WHAT TO DO –
Line by line, repeat the material below exactly and leave the images out.

THE DATA –
============================================================
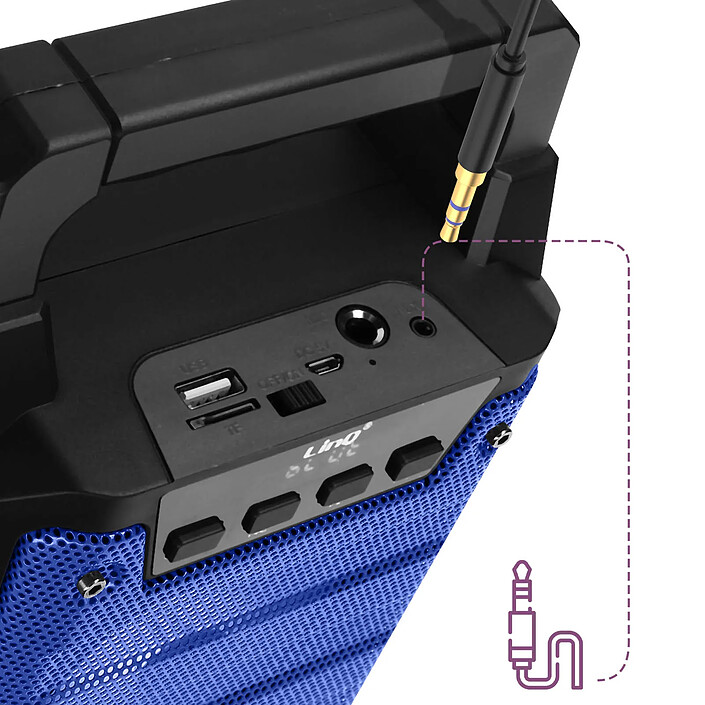 LinQ Enceinte lumineuse Bluetooth Compatible Micro, Bleu pas cher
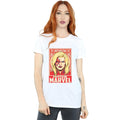 White - Back - Captain Marvel Womens-Ladies Ornament Boyfriend T-Shirt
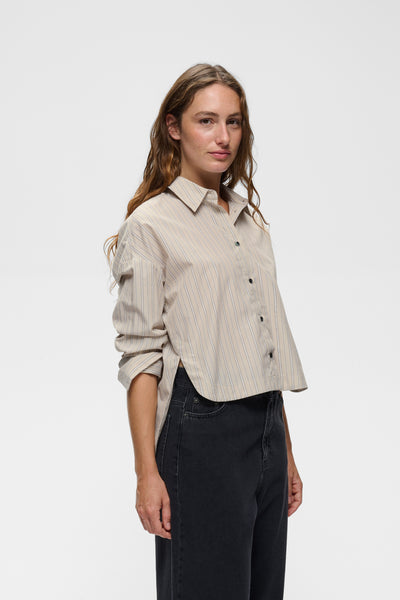 HALENIW SHORT SHIRT DOBBY STRIPE HUMMUS - 90001261 - 30112804 Thumbnail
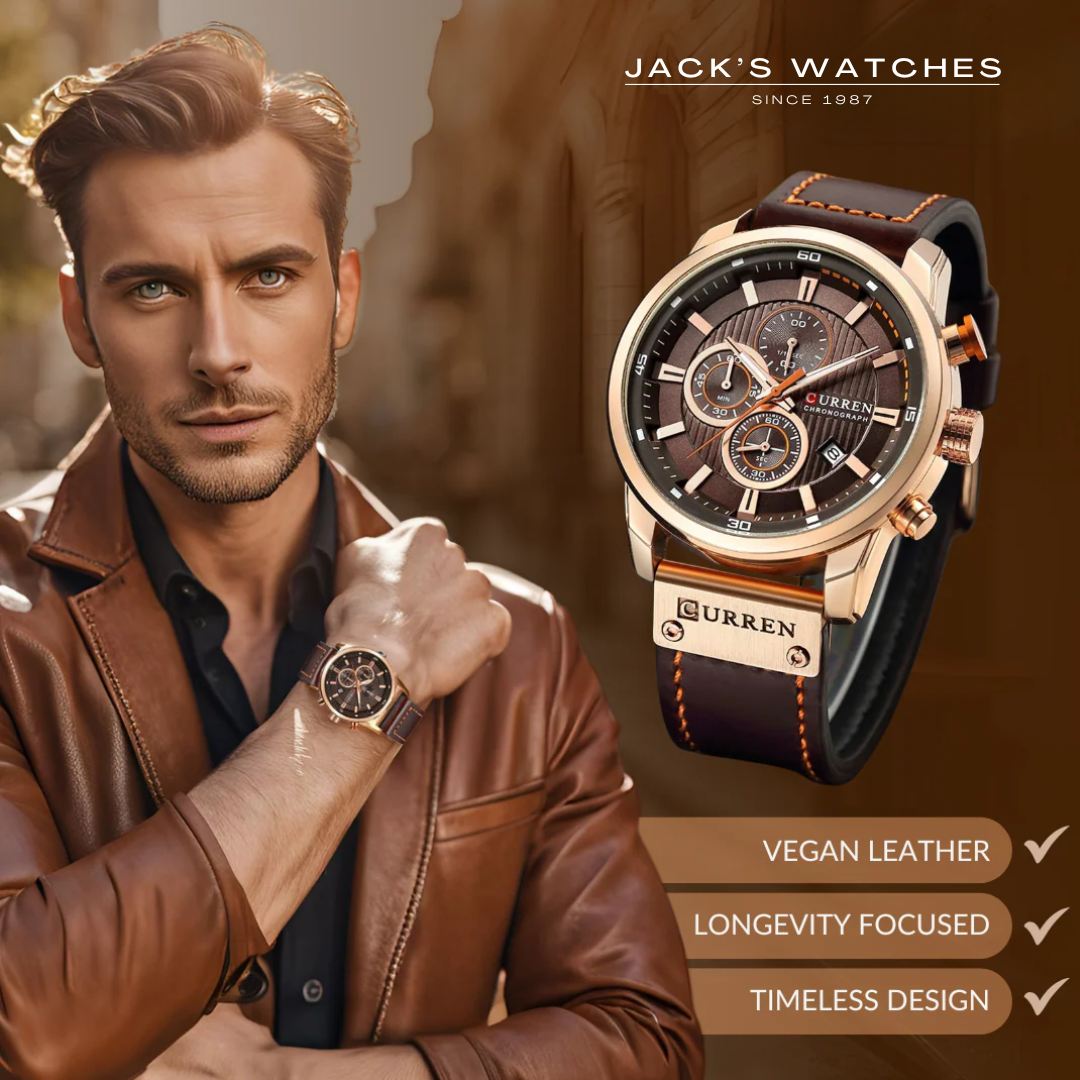 Elegant Quartz Watch with Leather Band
============================================================
SOLUTION FOR THIS EXERCISE –
 LinQ Enceinte lumineuse Bluetooth Compatible Micro, Bleu pas cher
 White - Back - Captain Marvel Womens-Ladies Ornament Boyfriend T-Shirt
 HALENIW SHORT SHIRT DOBBY STRIPE HUMMUS - 90001261 - 30112804 Thumbnail
 Elegant Quartz Watch with Leather Band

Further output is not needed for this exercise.